The Co-op brought this suit claiming that $114,492.21 was due from Indian Creek on its open account. Indian Creek filed an affirmative defense and counterclaim based on the doctrine of setoff, claiming that the debt should be set off against the value of its stock. The district court determined that the Co-op's rules did not provide for such a setoff and that Indian Creek failed to prove an equitable right to such a remedy. The court entered judgment against Indian Creek for $114,492.21, plus interest. Indian Creek now appeals.

Indian Creek contends that the Co-op breached its fiduciary duty to Indian Creek as a shareholder by failing to disclose material facts concerning a conflict of interest. During the same time that the Co-op sold hog feed to Indian Creek it also sold hog feed to Land-O-Lakes Cooperative, which is an agricultural cooperative in competition with Indian Creek. Indian Creek also believes that the Co-op should have informed it that a setoff would not be available.

Indian Creek argues that the Co-op had a fiduciary duty to provide an equitable program to redeem deferred dividends held by the Co-op. Indian Creek was required to pay income taxes on these deferred dividends, but then was not able to realize the income.

Indian Creek contends that the Co-op breached its fiduciary duty by engaging in unfair competition when it did not seek Indian Creek's consent to its business arrangement with Land-O-Lakes. Indian Creek states that Land-O-Lakes profited from its purchases from the Co-op, and that Land-O-Lakes then used the income to compete with Indian Creek.

Finally, Indian Creek contends that as a result of the Co-op's breach of fiduciary duty, its claim for setoff was a mature tort claim, and the court erred in not granting it the equitable remedy of setoff.

The crux of the present case is the question of the right of a cooperative member to setoff its cooperative stock against a mature debt owed to the coop. The Iowa Supreme Court has not previously had the occasion to address this issue, thus it is incumbent upon us to determine the purpose of the cooperative under Iowa law, and under what conditions an individual or corporation may redeem preferred stock and offset this amount against a current debt owed to the cooperative.

Iowa Code chapter 499 (1989) sets forth the rules upon which cooperatives may operate in Iowa. Section 499.2 defines an agricultural cooperative as an association "formed to produce, grade, blend, preserve, process, store, warehouse, market, sell, or handle an agricultural product * * *." Pursuant to this section, a cooperative may also "purchase, produce, sell, or supply machinery, petroleum products, equipment, fertilizer, supplies, business services, or educational service * * *." Sections 499.7 and 499.36 provide that the cooperative may conduct business and carry on operations under the management of a board of directors.

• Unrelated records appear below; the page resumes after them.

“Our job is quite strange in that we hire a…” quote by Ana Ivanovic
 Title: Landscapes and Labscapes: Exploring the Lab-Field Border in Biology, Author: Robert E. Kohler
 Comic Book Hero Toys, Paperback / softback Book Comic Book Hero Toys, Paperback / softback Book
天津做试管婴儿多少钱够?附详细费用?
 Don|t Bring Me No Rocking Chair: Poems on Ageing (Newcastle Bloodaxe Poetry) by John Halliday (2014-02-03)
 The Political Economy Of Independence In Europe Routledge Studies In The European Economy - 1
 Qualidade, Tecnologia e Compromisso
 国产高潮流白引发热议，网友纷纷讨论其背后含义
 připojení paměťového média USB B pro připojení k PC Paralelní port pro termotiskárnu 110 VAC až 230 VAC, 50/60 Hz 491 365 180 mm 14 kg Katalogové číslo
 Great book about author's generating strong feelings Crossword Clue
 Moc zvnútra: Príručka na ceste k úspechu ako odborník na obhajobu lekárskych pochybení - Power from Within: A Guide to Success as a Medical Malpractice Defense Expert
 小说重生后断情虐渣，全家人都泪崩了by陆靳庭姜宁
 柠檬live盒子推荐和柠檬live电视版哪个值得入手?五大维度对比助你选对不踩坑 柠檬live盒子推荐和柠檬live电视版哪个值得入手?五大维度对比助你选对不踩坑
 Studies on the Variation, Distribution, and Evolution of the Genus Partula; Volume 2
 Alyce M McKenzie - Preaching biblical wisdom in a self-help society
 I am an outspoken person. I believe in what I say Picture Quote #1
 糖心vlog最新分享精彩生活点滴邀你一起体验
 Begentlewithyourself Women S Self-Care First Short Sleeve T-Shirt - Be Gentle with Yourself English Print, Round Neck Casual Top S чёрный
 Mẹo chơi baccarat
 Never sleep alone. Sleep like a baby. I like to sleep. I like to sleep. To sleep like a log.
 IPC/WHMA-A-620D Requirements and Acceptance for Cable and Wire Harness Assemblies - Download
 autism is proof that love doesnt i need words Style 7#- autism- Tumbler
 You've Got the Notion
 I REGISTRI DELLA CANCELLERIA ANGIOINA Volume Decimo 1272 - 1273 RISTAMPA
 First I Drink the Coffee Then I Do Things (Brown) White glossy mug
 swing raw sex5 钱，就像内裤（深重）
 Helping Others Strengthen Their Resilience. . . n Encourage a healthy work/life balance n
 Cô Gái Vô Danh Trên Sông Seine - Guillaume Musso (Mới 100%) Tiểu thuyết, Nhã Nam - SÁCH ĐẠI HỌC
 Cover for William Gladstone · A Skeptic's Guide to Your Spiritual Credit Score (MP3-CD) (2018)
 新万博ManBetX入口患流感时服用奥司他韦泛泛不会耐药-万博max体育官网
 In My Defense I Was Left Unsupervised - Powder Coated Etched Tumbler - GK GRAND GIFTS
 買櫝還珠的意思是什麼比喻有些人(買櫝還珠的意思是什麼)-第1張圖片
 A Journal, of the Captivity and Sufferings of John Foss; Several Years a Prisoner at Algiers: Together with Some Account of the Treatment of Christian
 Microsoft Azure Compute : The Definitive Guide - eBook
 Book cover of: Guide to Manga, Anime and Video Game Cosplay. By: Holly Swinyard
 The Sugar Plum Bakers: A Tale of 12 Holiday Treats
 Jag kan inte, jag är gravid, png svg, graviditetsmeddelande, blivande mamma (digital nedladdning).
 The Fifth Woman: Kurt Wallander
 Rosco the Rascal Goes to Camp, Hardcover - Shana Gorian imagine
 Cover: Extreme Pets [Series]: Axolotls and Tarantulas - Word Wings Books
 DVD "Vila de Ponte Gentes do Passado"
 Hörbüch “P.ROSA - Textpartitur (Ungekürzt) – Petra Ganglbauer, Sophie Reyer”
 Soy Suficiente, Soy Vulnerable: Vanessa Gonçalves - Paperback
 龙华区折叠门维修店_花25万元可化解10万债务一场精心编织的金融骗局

The cooperative may limit its dealings to members only, and must not conduct more than one half the value of business done with nonmembers. Iowa Code § 499.3.

Concerning the distribution of earnings, section 499.30 provides that after certain deductions, the annual net earnings of the cooperative are to be allocated to the account of each member in proportion to the business done with the coop. A portion of this dividend must be paid to the members in cash, the remainder to be credited to the members in a revolving fund referred to as deferred patronage dividends, or preferred stock. Iowa Code § 499.33. In the payment of these dividends, section 499.33 provides that prior to other payments of deferred patronage stock, priority of payment or redemption of patronage stock is given to deceased natural persons.

Structured on the language of section 499.33, Article VII, section 1(e) of the Mitchellville Cooperative provides for a method in which its members' preferred stock is to be redeemed. The Articles state that priority is given first to the families of deceased members, and then to retired members over the age of 65, the remaining funds applied to all other members. Article VIII, section 2 provides:

2. The deferred patronage dividends for any year shall have priority over those for any subsequent year, except the directors may, at their discretion, pay deferred patronage dividends of deceased members and members who become ineligible without reference to the order of priority herein prescribed.

Against this backdrop, Indian Creek first contends that the failure of the Co-op to adopt a separate "death" redemption policy for corporations constituted a breach of its fiduciary duty to Indian Creek. As a consequence, Indian Creek seeks to offset its preferred stock against the sum due the Co-op on its open account. Indian Creek's theory is based upon the claim that a corporation is the same as a natural person for purposes of setoff or redemption as provided for in chapter 499. Indian Creek points out that under the Iowa statutes a corporation is discriminated against because it cannot die as a natural person, and such a result is unfair.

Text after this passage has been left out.